Your instructions: Exactly the lines from the line with "USB Winter Electric" through the final line of the records below, both ends included, are to be set down. Do not include pictures.

*** Opening of Records provided ***

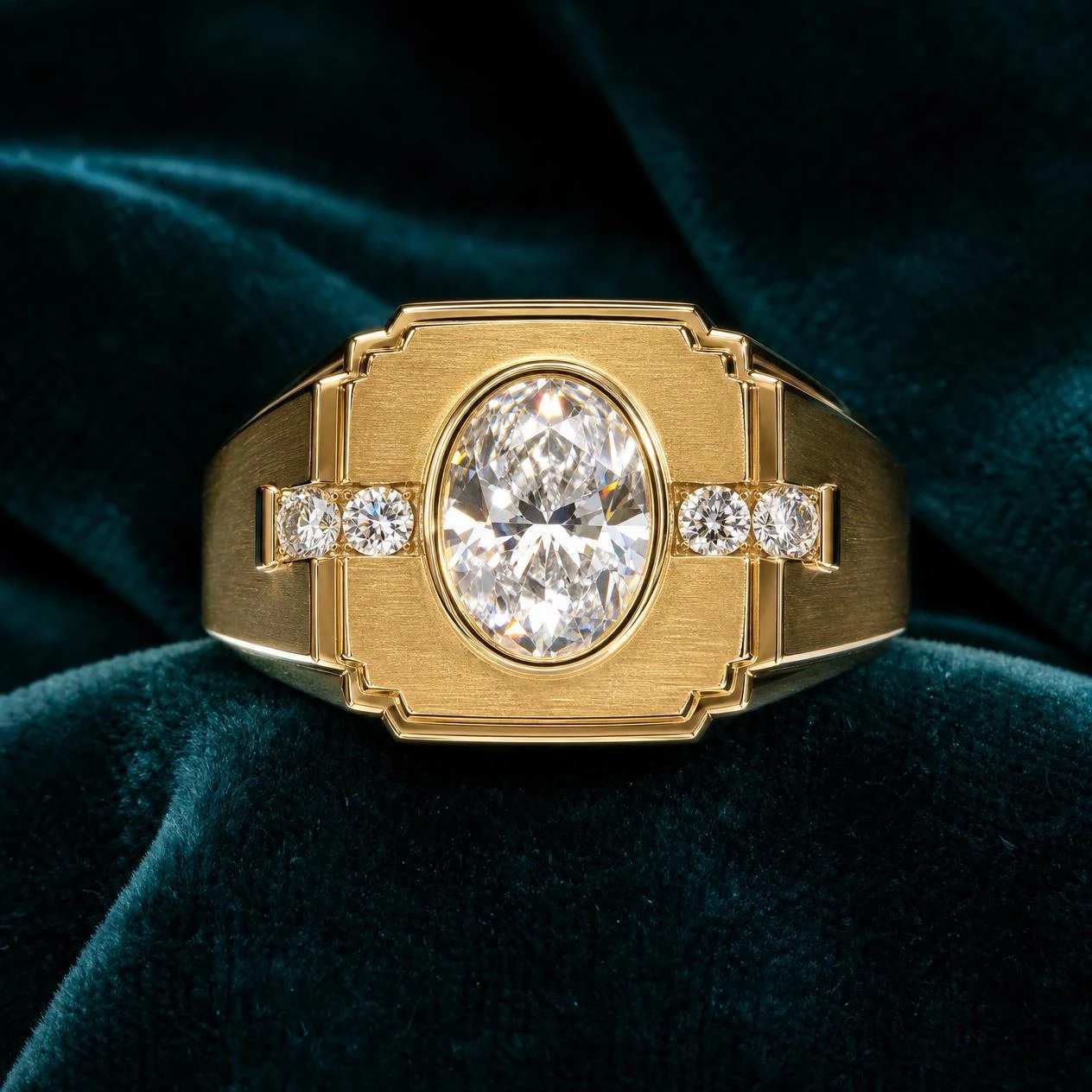 Viandante Fermo, 1.22 ct tw oval lab grown diamond men’s ring in 14K yellow gold (front view)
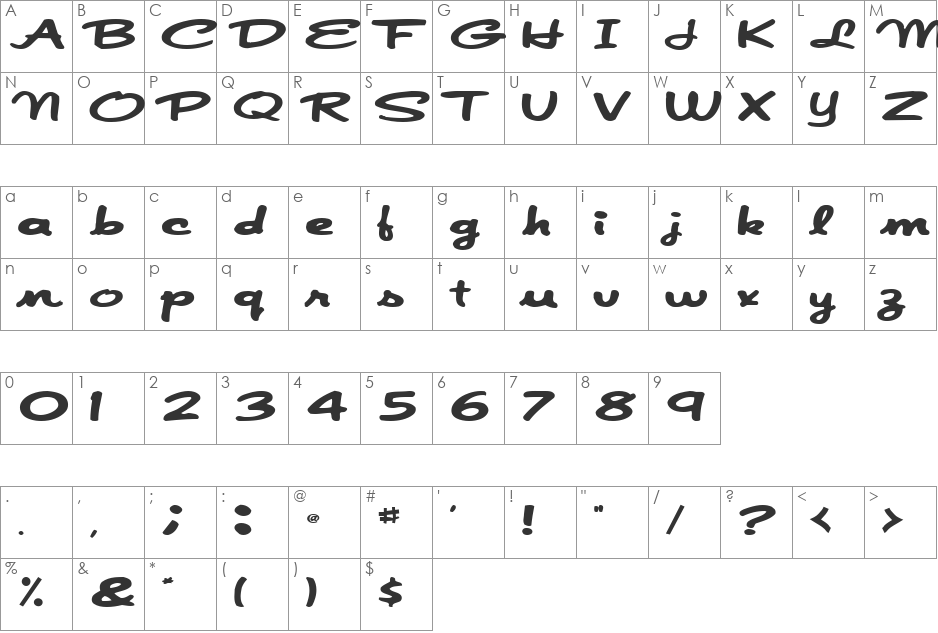 JapanScript911 font character map preview
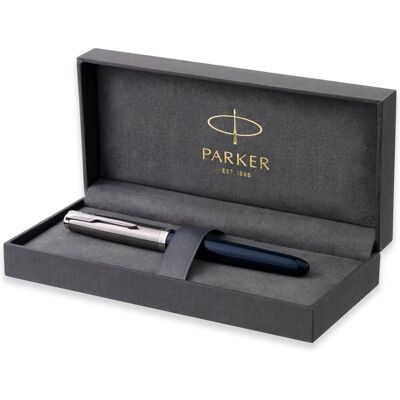 Parker 51 vulpen nachtblauwe hars chroom detail fijne punt met zwarte inkt geschenkverpakking Parker 51 vulpen nachtblauwe hars chroom detail fijne punt met zwarte inkt geschenkverpakking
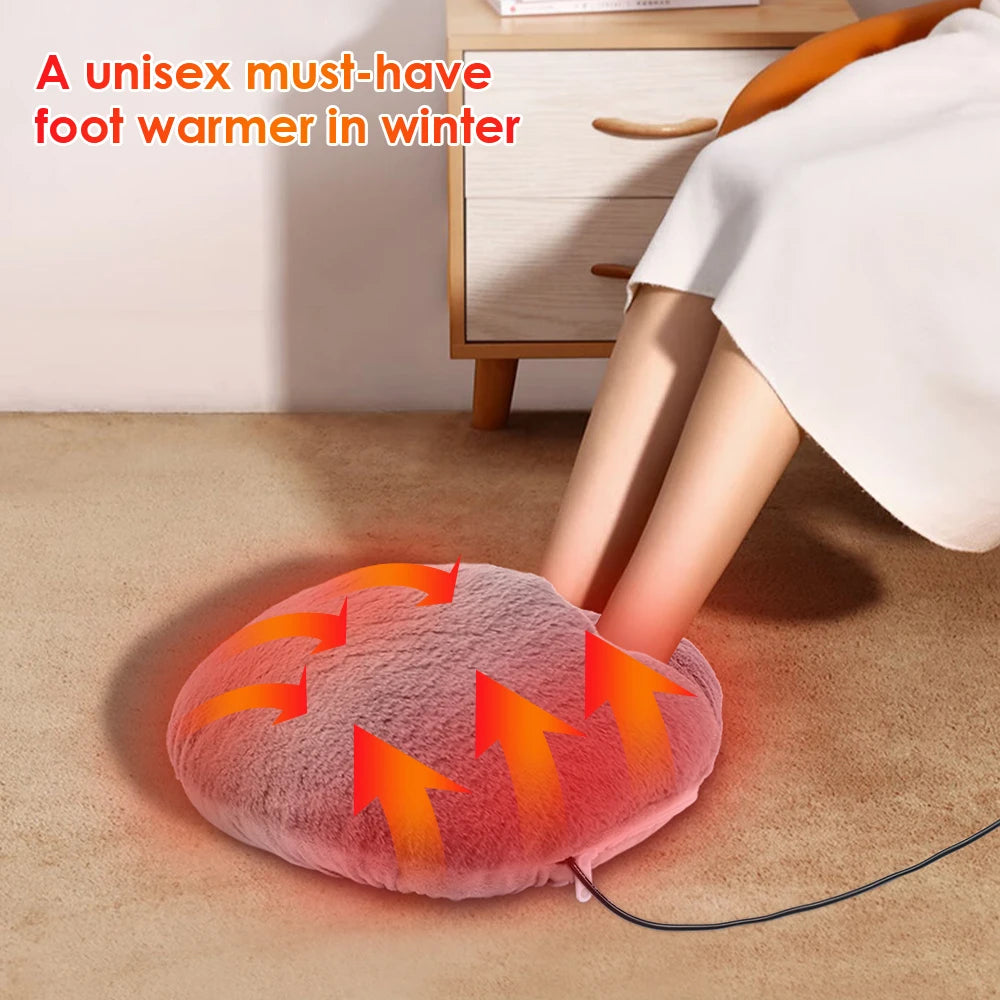 USB Winter Electric Foot Heating Pad Under Desk Household Foot Warmer Heater Soft Plush Foot Warming Thermostat Mat Warm Pad - GOMARRD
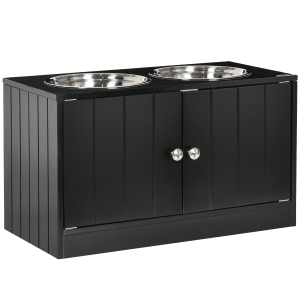 PawHut Elevated Dog Bowls for Large Dogs Pet Feeding Station with Stand, Storage, 2 Stainless Steel Food and Water Bowls, Black, 23.5" x 12" x 14"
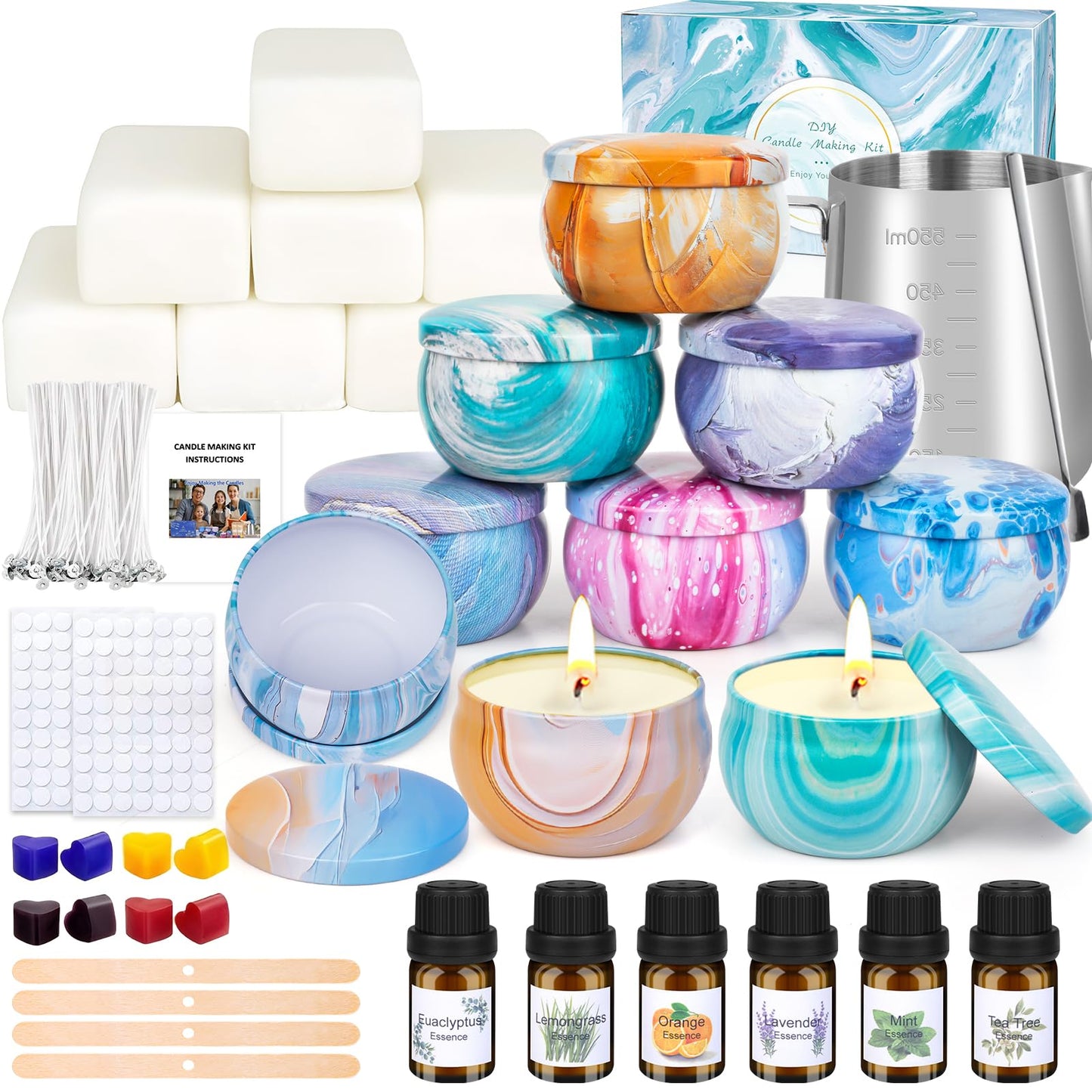 OFUN Candle Making Kit for Adults, DIY Candle Making Supplies for Beginner, Christmas DIY Gifts, Candle Making Kits for Adults - Includes Beeswax, Essential Oils, Dyes, and More, Crafts for Adult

*** Close of Records provided ***

Result:
 USB Winter Electric Foot Heating Pad Under Desk Household Foot Warmer Heater Soft Plush Foot Warming Thermostat Mat Warm Pad - GOMARRD
 PawHut Elevated Dog Bowls for Large Dogs Pet Feeding Station with Stand, Storage, 2 Stainless Steel Food and Water Bowls, Black, 23.5" x 12" x 14"
 OFUN Candle Making Kit for Adults, DIY Candle Making Supplies for Beginner, Christmas DIY Gifts, Candle Making Kits for Adults - Includes Beeswax, Essential Oils, Dyes, and More, Crafts for Adult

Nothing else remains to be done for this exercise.